Exercise data.
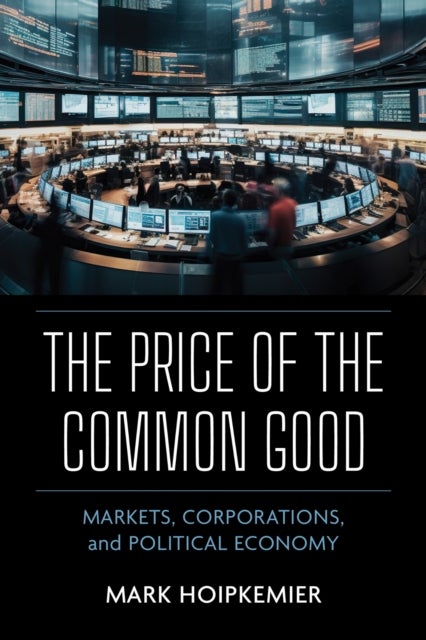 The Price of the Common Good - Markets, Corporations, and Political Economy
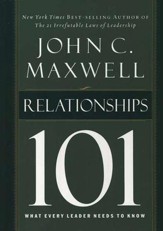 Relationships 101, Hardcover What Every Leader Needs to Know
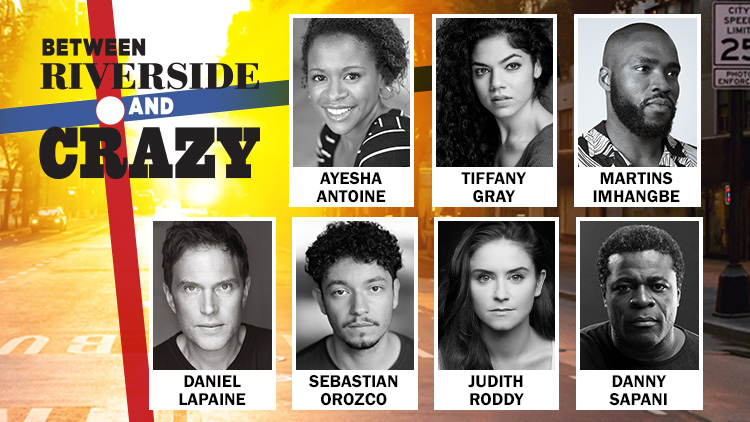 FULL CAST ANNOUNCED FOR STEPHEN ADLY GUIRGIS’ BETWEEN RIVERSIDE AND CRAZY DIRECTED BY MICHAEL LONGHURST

Work instructions. Repeat the material above word for word; no images go in the copy.

Answer to the exercise.
 The Price of the Common Good - Markets, Corporations, and Political Economy
 Relationships 101, Hardcover What Every Leader Needs to Know
 FULL CAST ANNOUNCED FOR STEPHEN ADLY GUIRGIS’ BETWEEN RIVERSIDE AND CRAZY DIRECTED BY MICHAEL LONGHURST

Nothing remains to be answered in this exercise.